◆ Problem statement
Copy out the lines beginning with the one that contains "Photo 1 of Single" and ending with the last line below, exactly as they stand. Pictures are not copied.

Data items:
■ ■ ■ ■

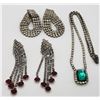 Image 2 : VINTAGE SILVER TONED RHINESTONE NECKLACE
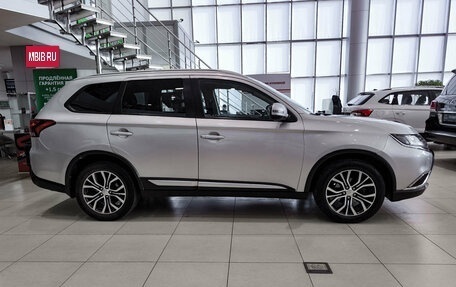 Mitsubishi Outlander III рестайлинг 3, 2017 год, 1 984 000 рублей, 5 фотография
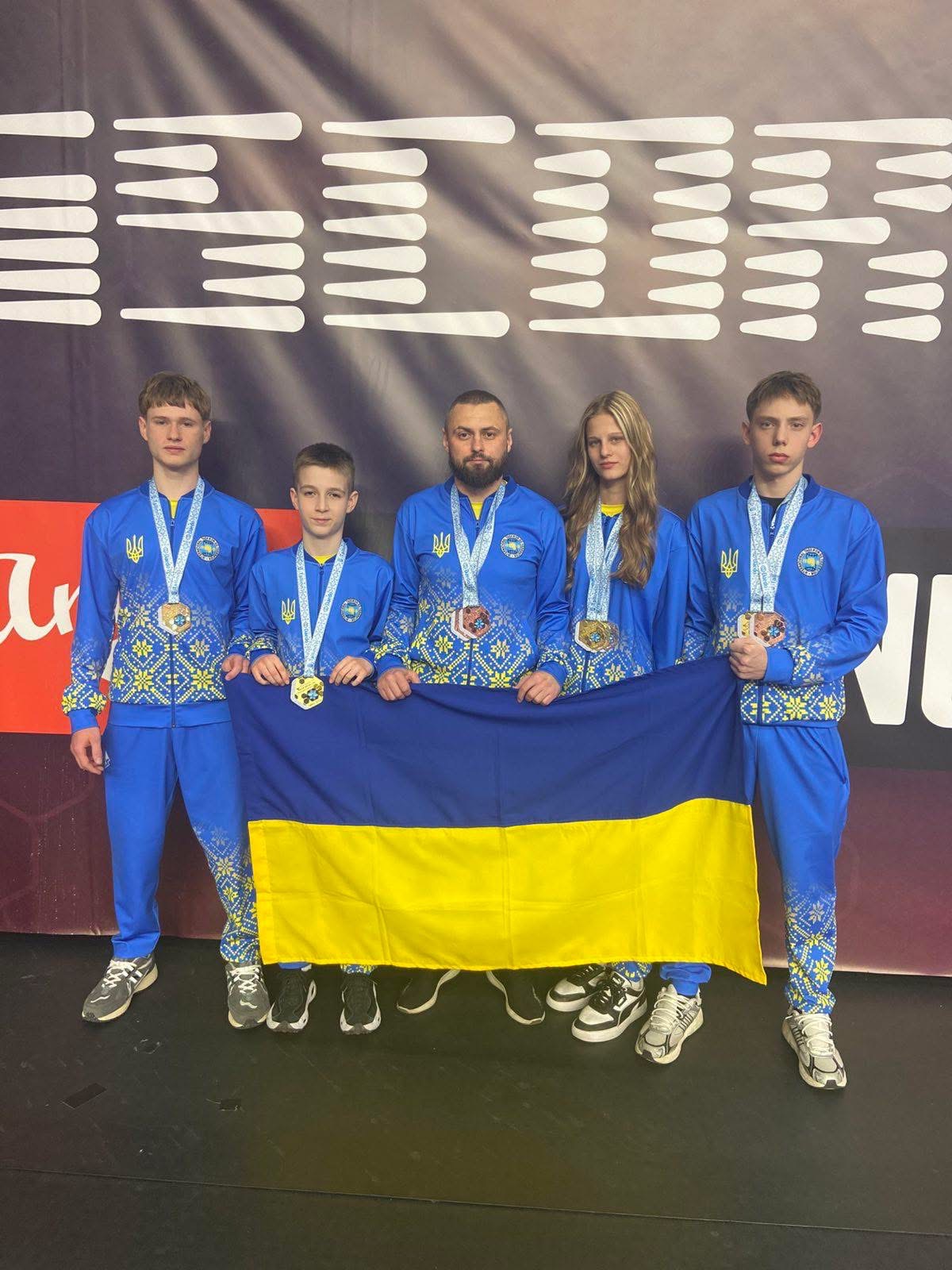     10      -   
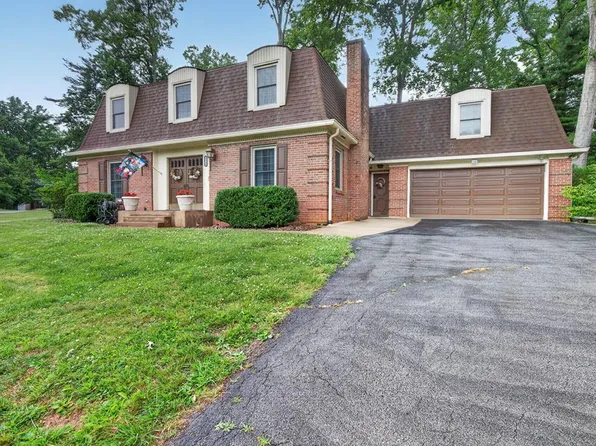 15754 Monticello Dr, Bristol, VA 24202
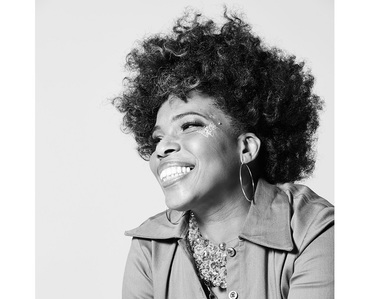 Cântăreaţa Macy Gray a propus preşedintelui şi vicepreşedintelui SUA ca steagul american să fie actualizat pentru a reprezenta diversitatea populaţiei Statelor Unite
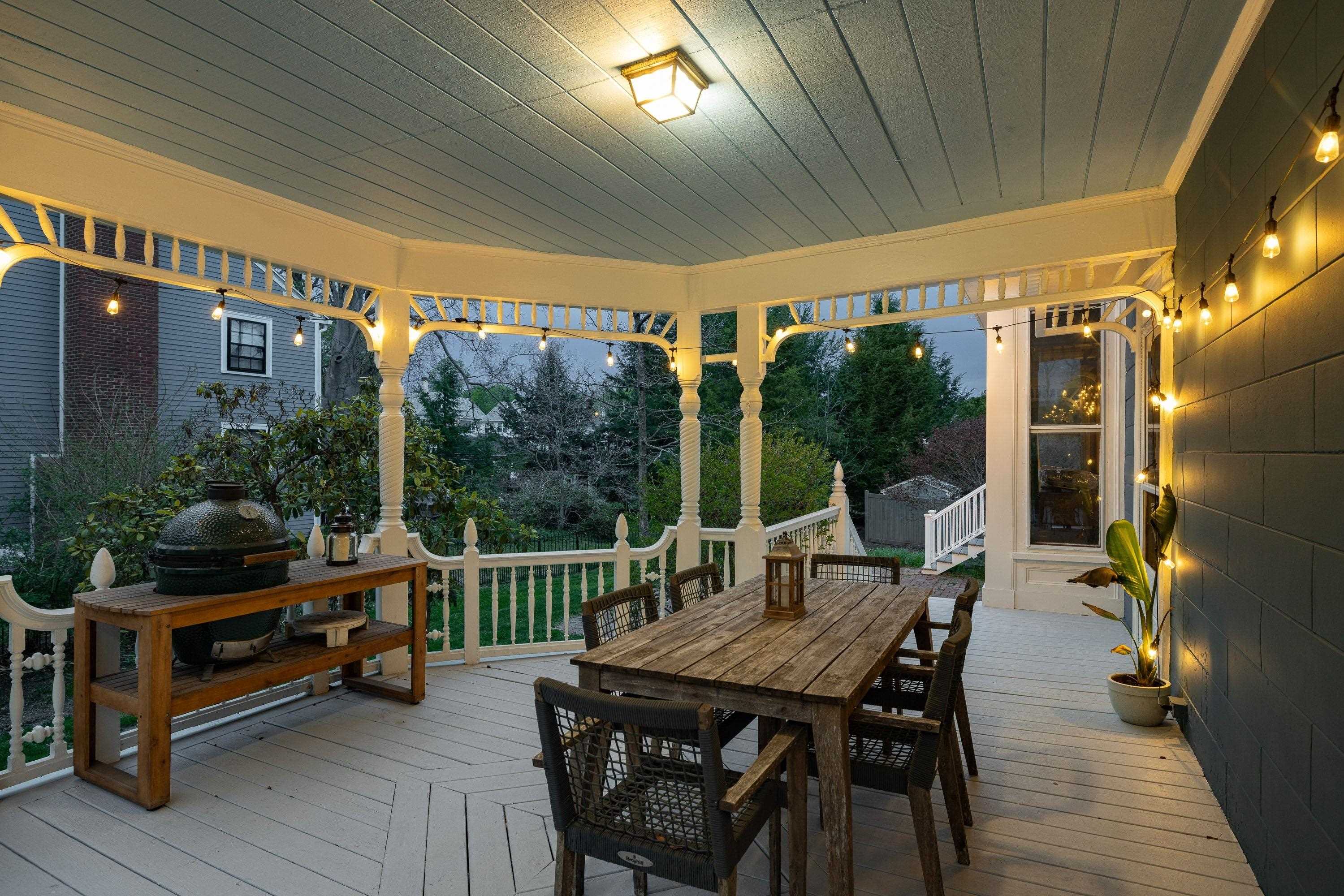 37 Summer St, Dover, NH 03820
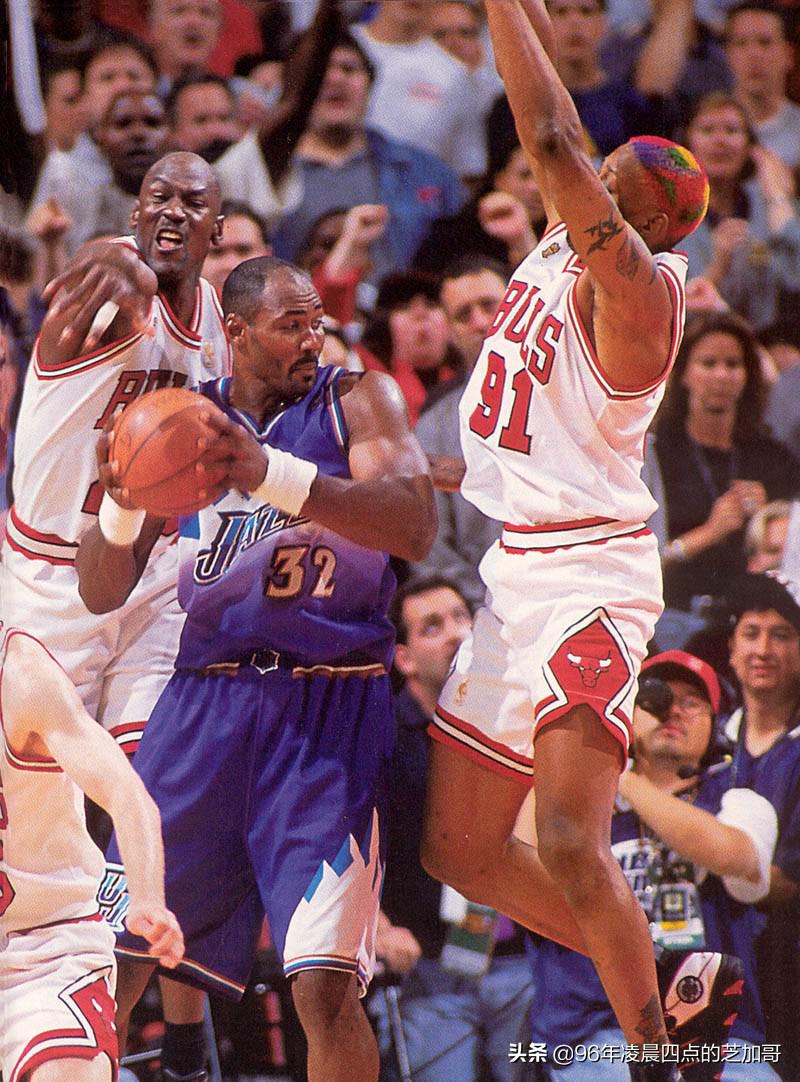 1993nba总决赛第一场 1997年NBA总决赛第一场——完美的压哨绝杀(7)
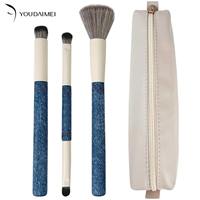Ensemble de 3 pinceaux de maquillage professionnels OEM d'usine, poils doux, manche en cuir, pour le visage, avec sac de transport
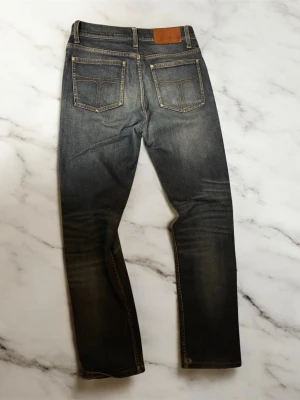 Blå jeans från Tiger of Sweden -  Ett par riktigt schyssta tiger of Sweden jeans med en riktigt snygg tvätt och schyssta detaljer. Och storlek 28 / 32, hör av dig vid funderingar och jag fraktar, alltid en till två dagar efter beställningen! Pris kan diskuteras vid snabb affär.😊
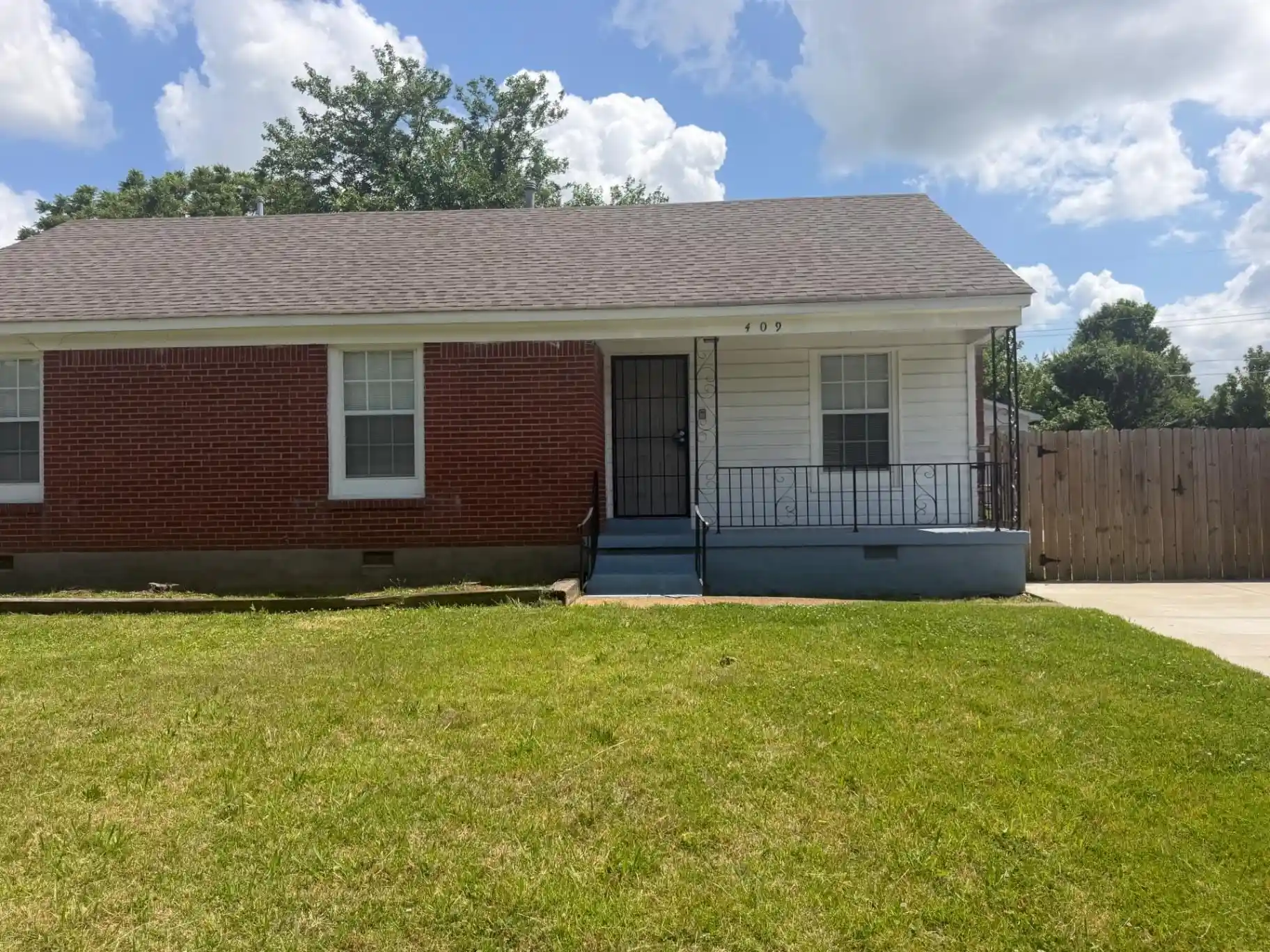 Photo 1 of Single family home for sale at 409 Stoneham Rd, Memphis, TN 38109 | MLS# 10226152 | Listing updated on 2026-09-02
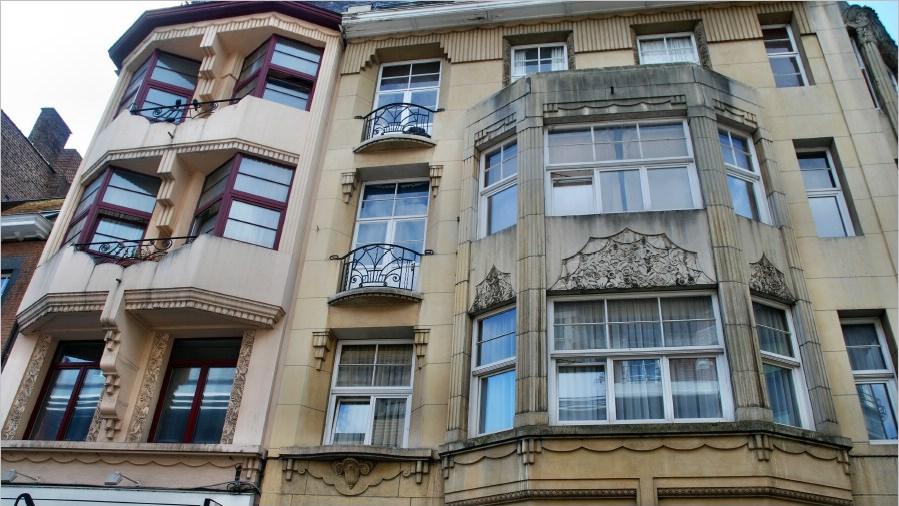 namur300809034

■ ■ ■ ■

◆ Written answer
 Photo 1 of Single family home for sale at 409 Stoneham Rd, Memphis, TN 38109 | MLS# 10226152 | Listing updated on 2026-09-02
 namur300809034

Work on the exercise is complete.